The fact is that this whole "do-it-yourselfer" argument has been blown way out of proportion. The specification does not state that do-it-yourselfers are incapable of using mitered corner pieces; it merely states, as quoted above, that preformed corner pieces are "somewhat easier for a do-it-yourselfer to work with." Furthermore, the only reference to do-it-yourselfers during prosecution is a statement that certain known prior art arrangements are difficult for a do-it-yourselfer to use because the fabric must be cut precisely to size whereas according to the invention of the '260 patent, the fabric need merely be cut roughly to size, with the excess fabric being stuffed in the storage channel. This is equally true as to either kind of corner. To infer from this one statement that the claims must be limited to features not recited in the claims (i.e., " preformed " corner pieces) is contrary to established patent law practice.

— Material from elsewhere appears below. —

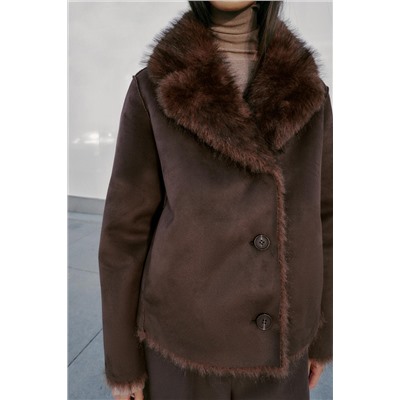 REVERSIBLE DOUBLE-FACED FAUX FUR JACKET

Let us consider next another lesson about meaning to be learned from the specification. In the quotation above from column 8, in the opening sentence the drafter of the specification exhibits a clear consciousness of the distinction between "preformed right-angle corner pieces" and those made by mitering and placing at right angles two short pieces of linear border pieces. Claim 1 does not contain the limiting word "preformed" yet the majority, without justification, is reading it into the claim in holding that the claim does not cover corner pieces which are made up as clearly described in the specification.

I also point out that the term "right-angle" is not a limitation to preformed unitary pieces since the specification makes clear that the made-up variety of corners are also right-angle corner pieces when assembled.

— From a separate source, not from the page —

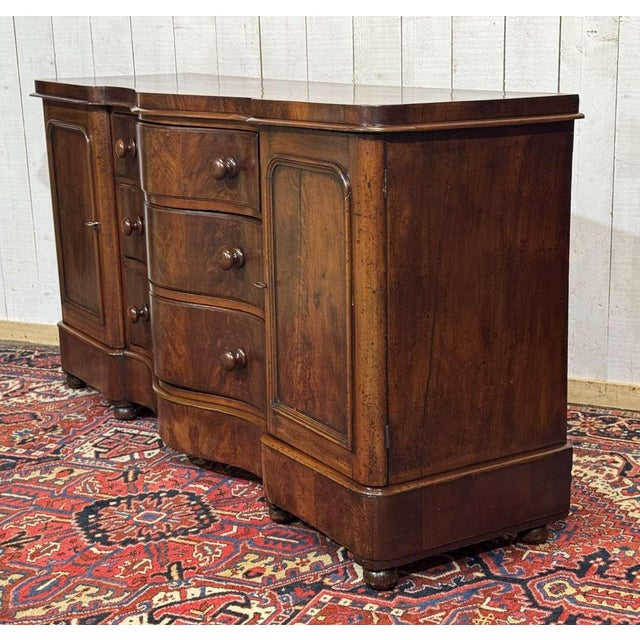 Antique Victorian Mahogany Sideboard, 1800s For Sale - Image 11 of 18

The majority's argument based on alleged violation of the "all elements" rule is untenable. It overlooks the fact that the teaching in the specification is clear about making "corner pieces" by using two " short linear border pieces" (my emphasis) and then using such "improvised" corner pieces in conjunction with linear pieces to make the complete wall frame. Of course, it is the all-elements rule on which the defendants rely for non-infringement, arguing that they have no "corner pieces" when in" fact they have a type of corner piece which is disclosed and claimed as an element of the combination of claim 1. I am not "merging the two types of claim elements into one" -- whatever that may mean. I am simply saying that the element defined in claim 1 as "right-angle corner border pieces" is, as clearly shown by the patent and its prosecution history, a limitation generic to two types of corner pieces disclosed in the patent which is broad enough to read on defendants' structure because it is clearly not limited to "preformed" or "unitary" corner pieces, as held below and by the majority. That is the sum and substance of my position and it calls for reversal.

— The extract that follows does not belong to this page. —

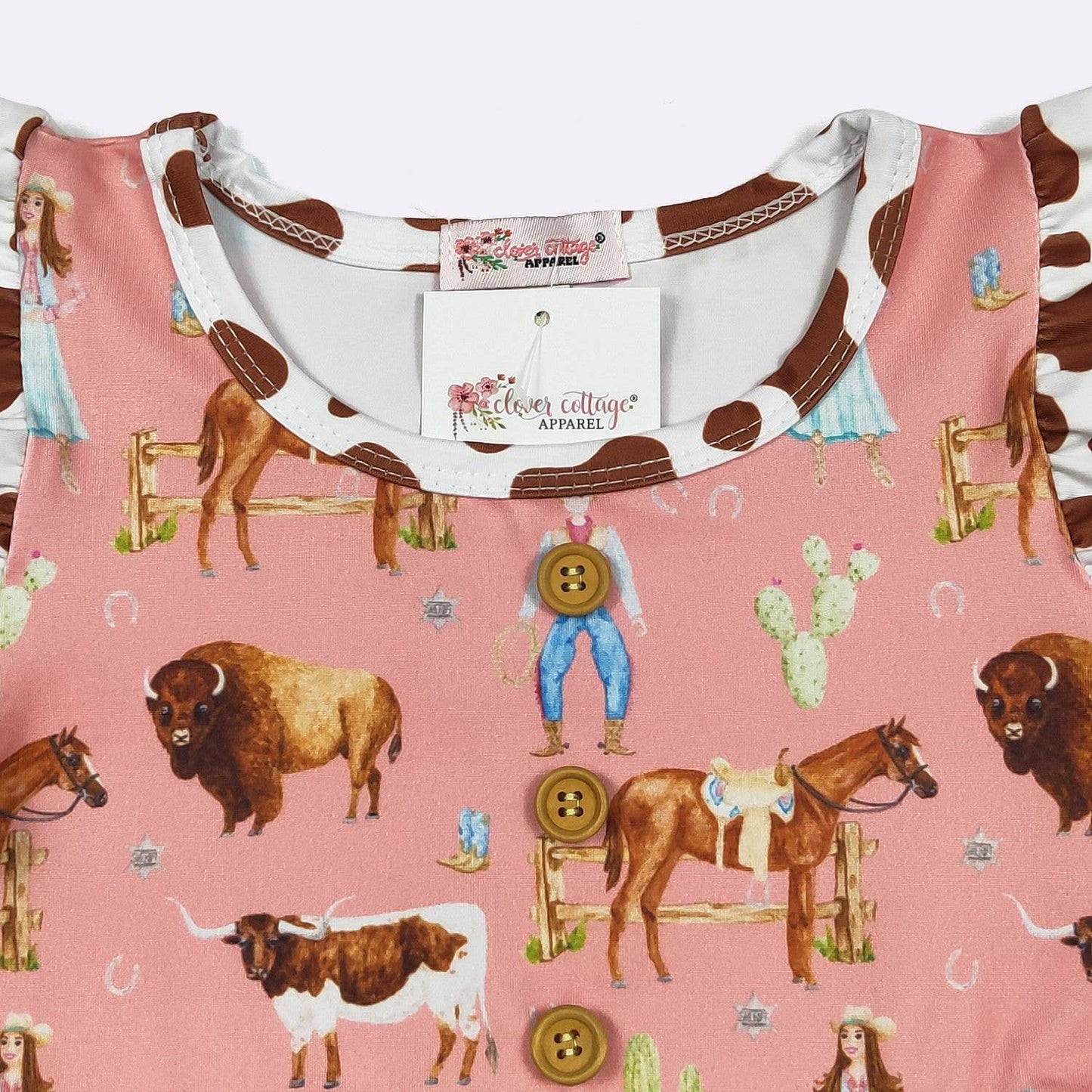 Sadie Mae Corral Girls Dress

The prosecution history contains nothing contradictory to my position and much to support it, as shown above. I have not found any evidence to contradict it or to support the district court opinion which demonstrates a dismal failure to comprehend many patent law fundamentals and accepts, as established fact, opinion statements of defendants' expert witness unsupported by the record. The reader should also be aware that the district judge made no separate "findings of fact." He wrote a short, confused opinion which he concluded with the escape clause saying "The foregoing shall constitute the Findings of Fact and Conclusions of Law in accordance with Rule 54(b) [sic] of the Fed. R. Civ. P."